DIRECTIONS: Nothing in the listing should be dropped or altered when it is copied.
━━━━
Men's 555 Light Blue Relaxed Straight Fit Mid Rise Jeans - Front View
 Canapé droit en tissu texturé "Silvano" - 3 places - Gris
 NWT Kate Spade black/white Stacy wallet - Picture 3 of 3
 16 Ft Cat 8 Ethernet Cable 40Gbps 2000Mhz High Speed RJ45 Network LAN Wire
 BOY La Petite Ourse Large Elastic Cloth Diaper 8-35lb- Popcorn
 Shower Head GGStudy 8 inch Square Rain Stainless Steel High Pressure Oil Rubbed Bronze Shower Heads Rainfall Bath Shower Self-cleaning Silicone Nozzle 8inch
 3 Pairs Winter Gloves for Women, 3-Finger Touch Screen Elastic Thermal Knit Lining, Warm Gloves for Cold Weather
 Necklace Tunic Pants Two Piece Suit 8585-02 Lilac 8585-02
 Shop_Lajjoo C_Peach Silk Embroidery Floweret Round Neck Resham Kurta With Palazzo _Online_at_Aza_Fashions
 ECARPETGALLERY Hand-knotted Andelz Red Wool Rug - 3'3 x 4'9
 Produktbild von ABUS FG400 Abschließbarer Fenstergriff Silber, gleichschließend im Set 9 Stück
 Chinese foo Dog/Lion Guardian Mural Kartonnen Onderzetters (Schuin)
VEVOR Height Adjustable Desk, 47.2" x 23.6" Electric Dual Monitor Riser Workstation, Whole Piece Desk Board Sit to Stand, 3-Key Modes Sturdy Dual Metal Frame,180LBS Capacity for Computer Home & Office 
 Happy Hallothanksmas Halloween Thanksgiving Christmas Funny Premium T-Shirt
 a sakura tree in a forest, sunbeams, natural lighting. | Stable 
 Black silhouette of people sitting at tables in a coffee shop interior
━━━━
EXPECTED ANSWER:
Men's 555 Light Blue Relaxed Straight Fit Mid Rise Jeans - Front View
 Canapé droit en tissu texturé "Silvano" - 3 places - Gris
 NWT Kate Spade black/white Stacy wallet - Picture 3 of 3
 16 Ft Cat 8 Ethernet Cable 40Gbps 2000Mhz High Speed RJ45 Network LAN Wire
 BOY La Petite Ourse Large Elastic Cloth Diaper 8-35lb- Popcorn
 Shower Head GGStudy 8 inch Square Rain Stainless Steel High Pressure Oil Rubbed Bronze Shower Heads Rainfall Bath Shower Self-cleaning Silicone Nozzle 8inch
 3 Pairs Winter Gloves for Women, 3-Finger Touch Screen Elastic Thermal Knit Lining, Warm Gloves for Cold Weather
 Necklace Tunic Pants Two Piece Suit 8585-02 Lilac 8585-02
 Shop_Lajjoo C_Peach Silk Embroidery Floweret Round Neck Resham Kurta With Palazzo _Online_at_Aza_Fashions
 ECARPETGALLERY Hand-knotted Andelz Red Wool Rug - 3'3 x 4'9
 Produktbild von ABUS FG400 Abschließbarer Fenstergriff Silber, gleichschließend im Set 9 Stück
 Chinese foo Dog/Lion Guardian Mural Kartonnen Onderzetters (Schuin)
VEVOR Height Adjustable Desk, 47.2" x 23.6" Electric Dual Monitor Riser Workstation, Whole Piece Desk Board Sit to Stand, 3-Key Modes Sturdy Dual Metal Frame,180LBS Capacity for Computer Home & Office 
 Happy Hallothanksmas Halloween Thanksgiving Christmas Funny Premium T-Shirt
 a sakura tree in a forest, sunbeams, natural lighting. | Stable 
 Black silhouette of people sitting at tables in a coffee shop interior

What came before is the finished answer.